- EXERCISE BRIEF: Repeat exactly the lines beginning at the one that contains "Palmako Carport/Pavillon Connect" and running to the end of the material. Omit the pictures.

- RECORDED INFORMATION:
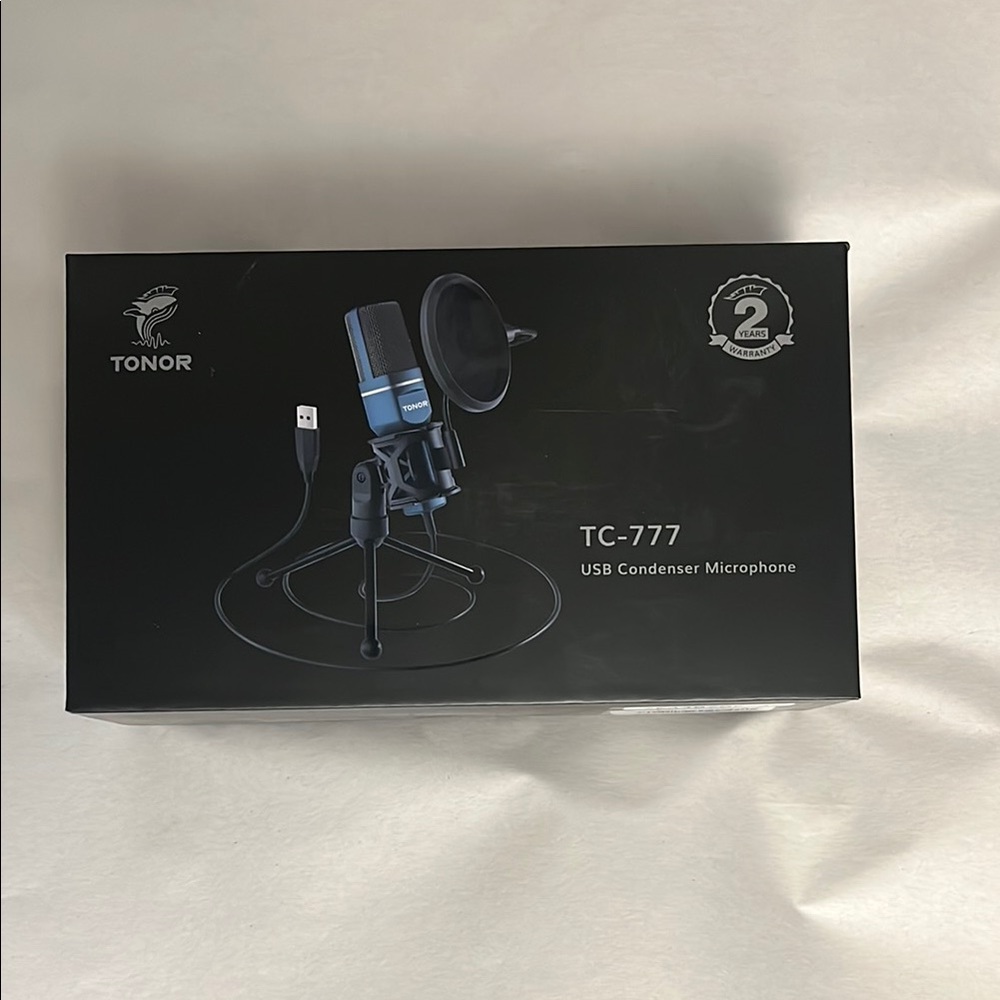 NWT - TONOR Black and Blue Computer Microphone for Streaming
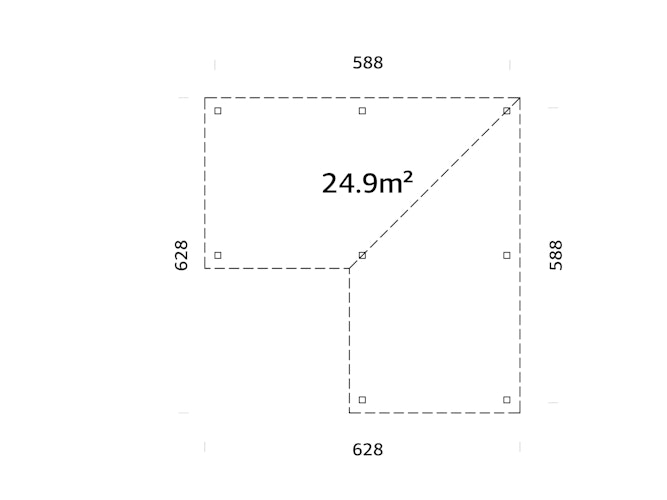 Palmako Carport/Pavillon Connect Lenna 24,9 m²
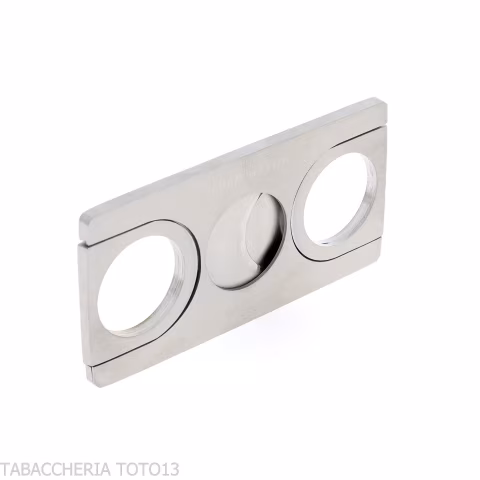 Cortapuros metálico plano y rectangular de doble hoja - Accesorios Del Cigarro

- ANSWER FOR THE TASK:
 Palmako Carport/Pavillon Connect Lenna 24,9 m²
 Cortapuros metálico plano y rectangular de doble hoja - Accesorios Del Cigarro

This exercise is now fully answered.